++++ Exercise data

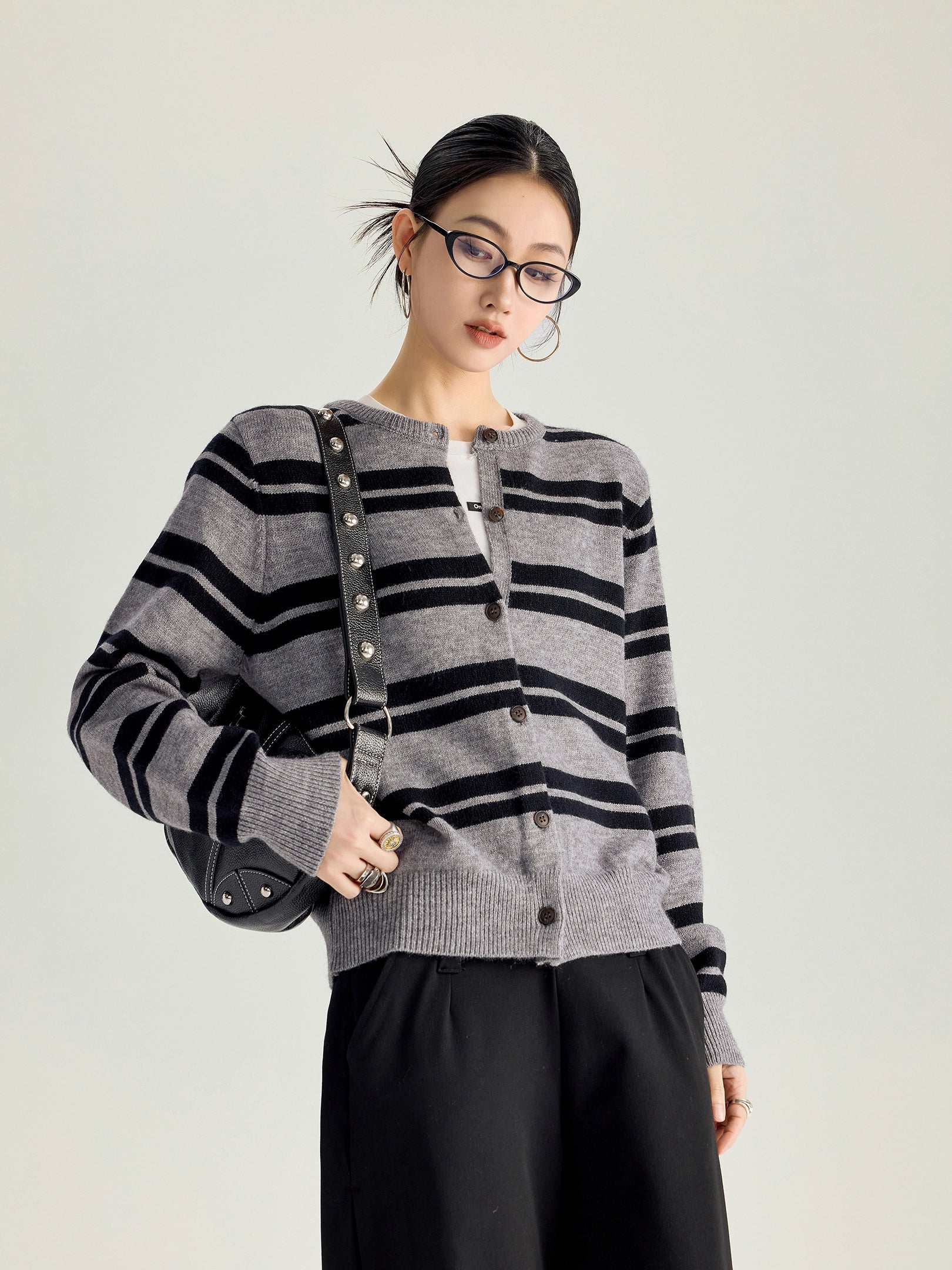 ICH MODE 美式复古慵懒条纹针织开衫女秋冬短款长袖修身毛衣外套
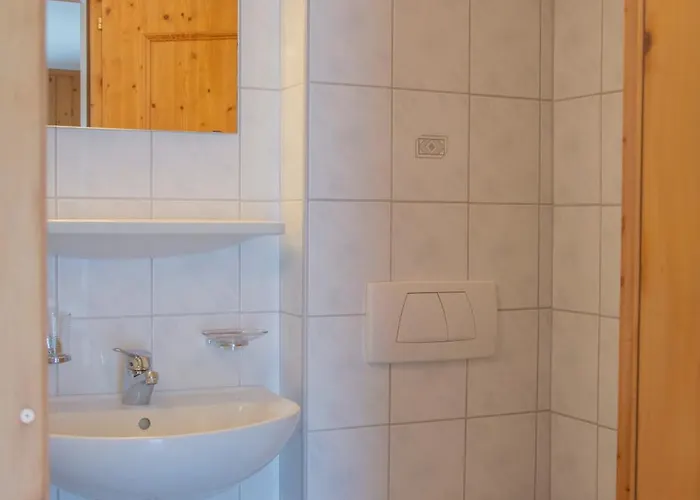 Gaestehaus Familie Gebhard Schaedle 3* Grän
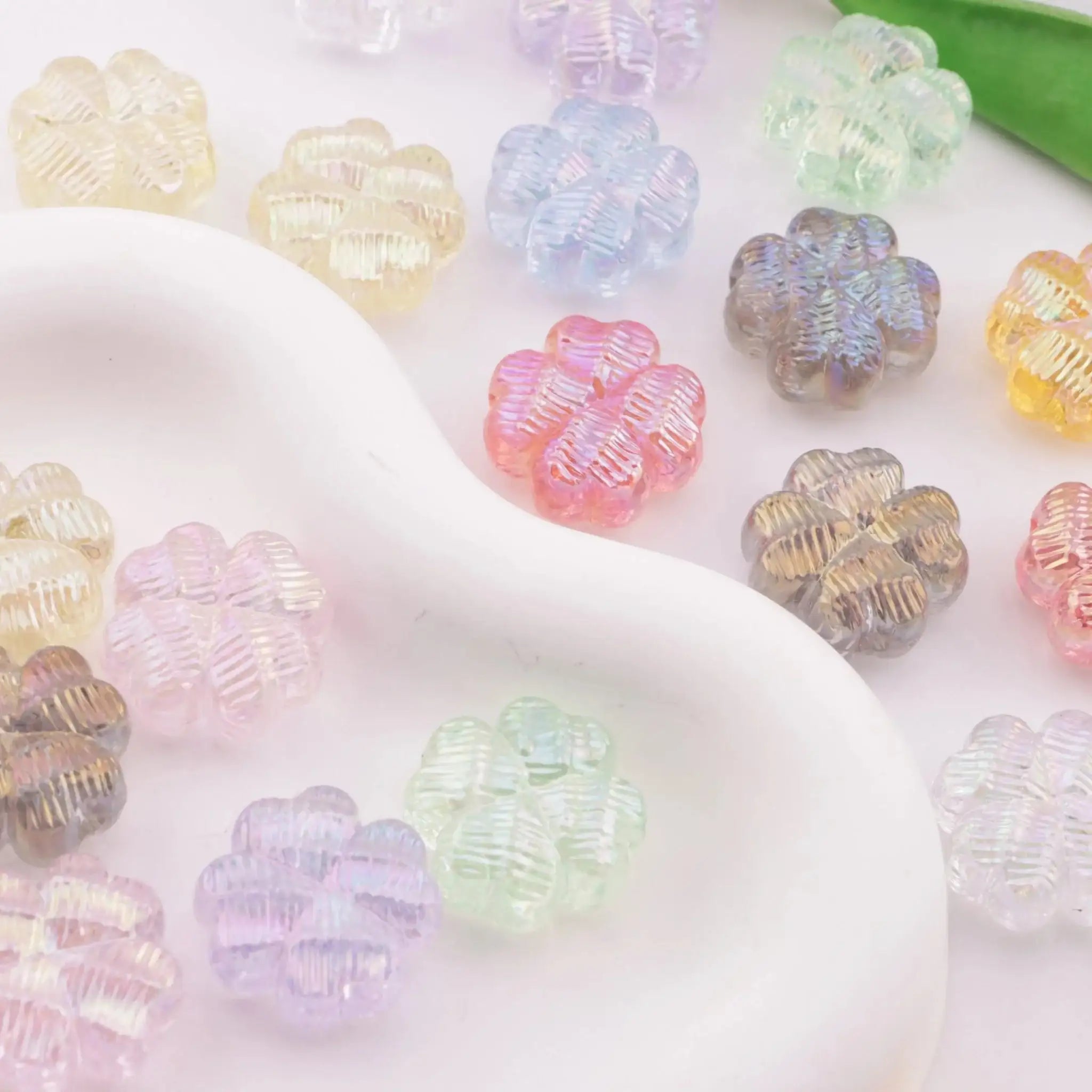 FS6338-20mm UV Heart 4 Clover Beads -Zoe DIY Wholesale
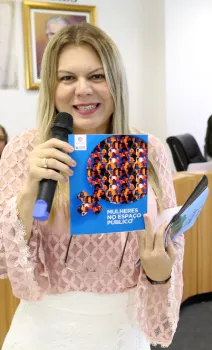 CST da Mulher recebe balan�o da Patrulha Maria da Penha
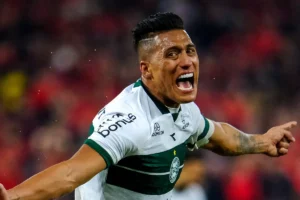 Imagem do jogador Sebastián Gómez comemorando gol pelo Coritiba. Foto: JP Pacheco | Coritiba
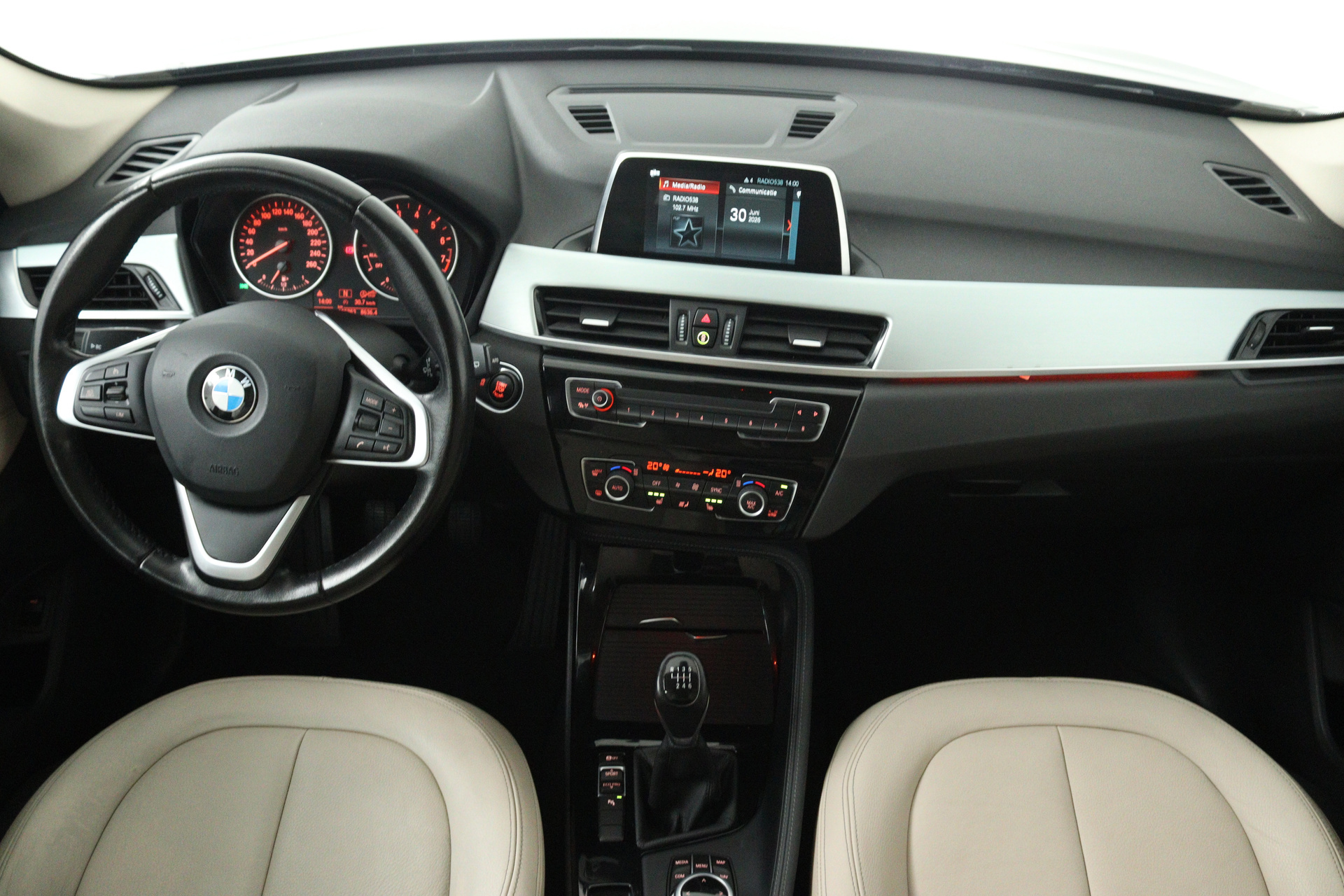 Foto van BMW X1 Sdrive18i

++++++++
++++ Exercise data

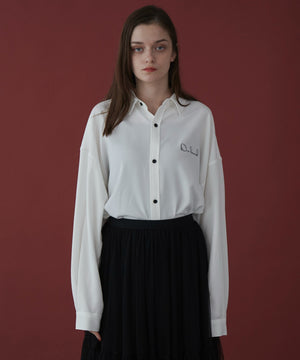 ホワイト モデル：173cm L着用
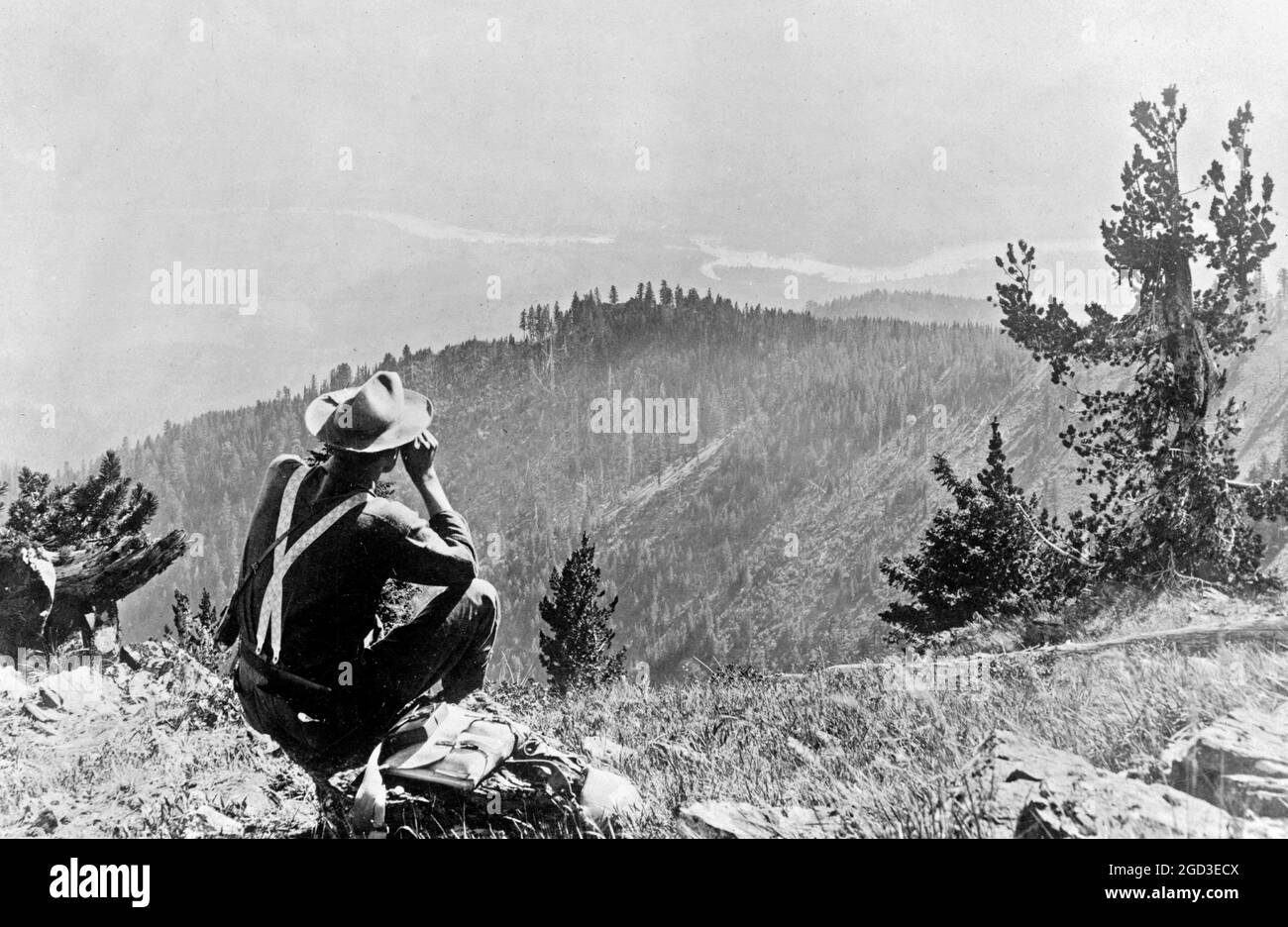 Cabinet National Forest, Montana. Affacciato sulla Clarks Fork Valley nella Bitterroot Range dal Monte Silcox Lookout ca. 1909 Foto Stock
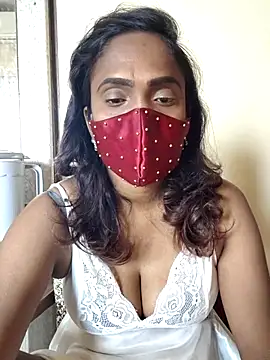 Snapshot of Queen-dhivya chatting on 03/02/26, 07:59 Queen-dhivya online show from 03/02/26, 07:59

++++++++

→ What needs to be done:
Please return the material above only from the line that holds "ICH MODE 美式复古慵懒条纹针织开衫女秋冬短款长袖修身毛衣外套" through the line that holds "Foto van BMW X1 Sdrive18i", exactly as it stands, ends included and pictures omitted.

→ Reply:
 ICH MODE 美式复古慵懒条纹针织开衫女秋冬短款长袖修身毛衣外套
 Gaestehaus Familie Gebhard Schaedle 3* Grän
 FS6338-20mm UV Heart 4 Clover Beads -Zoe DIY Wholesale
 CST da Mulher recebe balan�o da Patrulha Maria da Penha
 Imagem do jogador Sebastián Gómez comemorando gol pelo Coritiba. Foto: JP Pacheco | Coritiba
 Foto van BMW X1 Sdrive18i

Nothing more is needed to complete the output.